─── ENTRIES PROVIDED
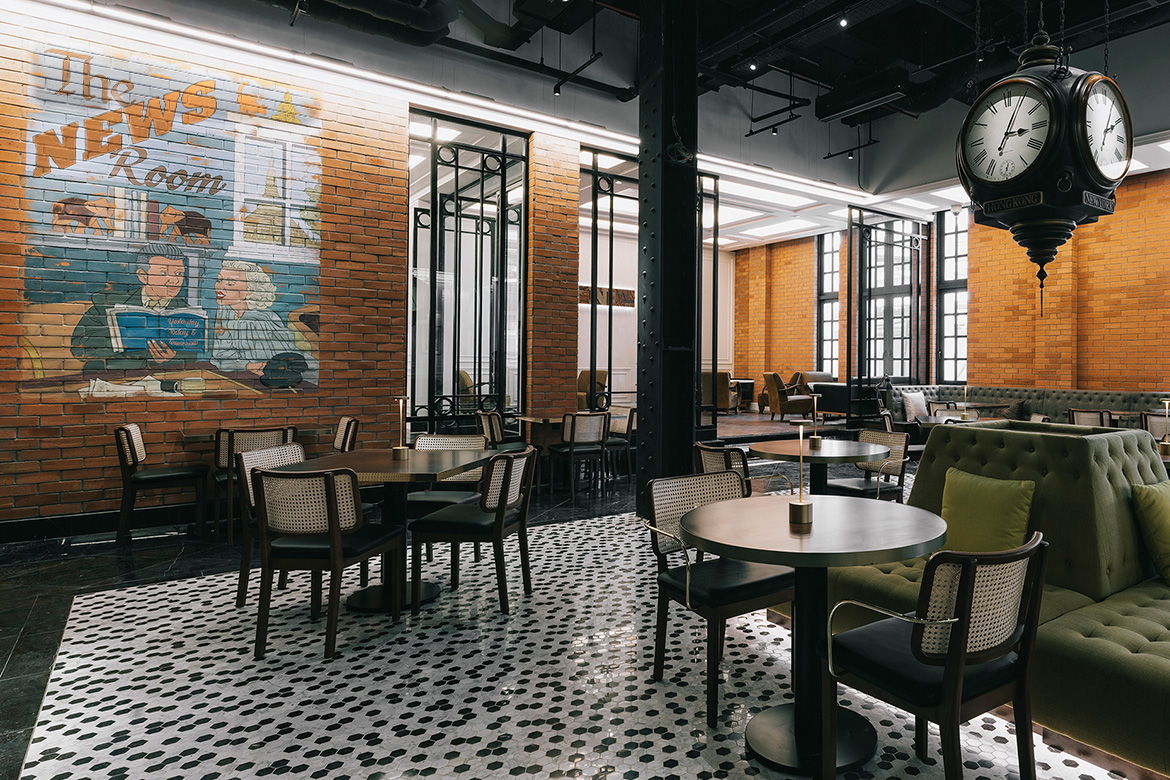 Spacious hotel cafe with brick walls, vintage mural of two people reading, and a large clock. Cozy seating, natural light, and a relaxed atmosphere.
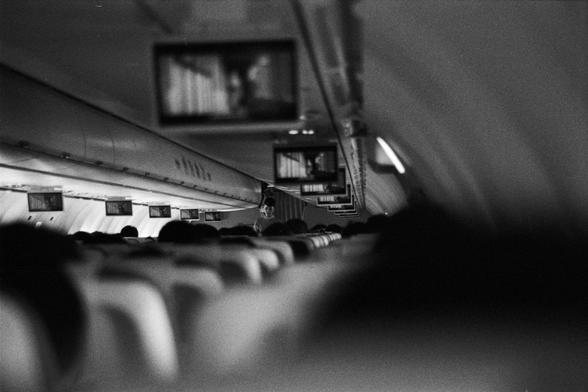 Foma FOMAPAN 400 Action (FF)

📝 English Alt Text
A black-and-white photo of an airplane cabin with passengers seated in rows. Overhead screens display in-flight entertainment, and a flight attendant stands in the aisle near the middle of the plane.

📝 中文替代文字
一张黑白色调的飞机客舱照片，乘客坐在整齐排列的座位上。天花板上挂着多个显示屏播放机上娱乐内容，一名空乘人员站在靠近客舱中部的过道中。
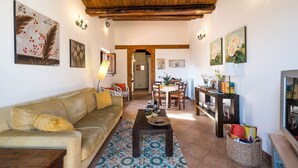 A living room with a sofa, coffee table, and artwork on the walls. - Bright Penthouse With Terrace On Via Maqueda, In The Heart Of The City (Palermo)
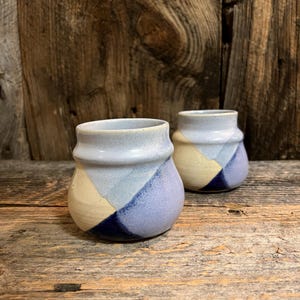 May include: Two small, handmade ceramic vases with a geometric design. The vases feature a color block pattern in shades of light blue, cream, and navy blue. The vases are displayed on a rustic wooden surface.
──────
### WHAT THE EXERCISE ASKS
When you set down the records above, copy every line exactly and exclude the pictures.

### TASK SOLUTION
 Spacious hotel cafe with brick walls, vintage mural of two people reading, and a large clock. Cozy seating, natural light, and a relaxed atmosphere.
 Foma FOMAPAN 400 Action (FF)

📝 English Alt Text
A black-and-white photo of an airplane cabin with passengers seated in rows. Overhead screens display in-flight entertainment, and a flight attendant stands in the aisle near the middle of the plane.

📝 中文替代文字
一张黑白色调的飞机客舱照片，乘客坐在整齐排列的座位上。天花板上挂着多个显示屏播放机上娱乐内容，一名空乘人员站在靠近客舱中部的过道中。
 A living room with a sofa, coffee table, and artwork on the walls. - Bright Penthouse With Terrace On Via Maqueda, In The Heart Of The City (Palermo)
 May include: Two small, handmade ceramic vases with a geometric design. The vases feature a color block pattern in shades of light blue, cream, and navy blue. The vases are displayed on a rustic wooden surface.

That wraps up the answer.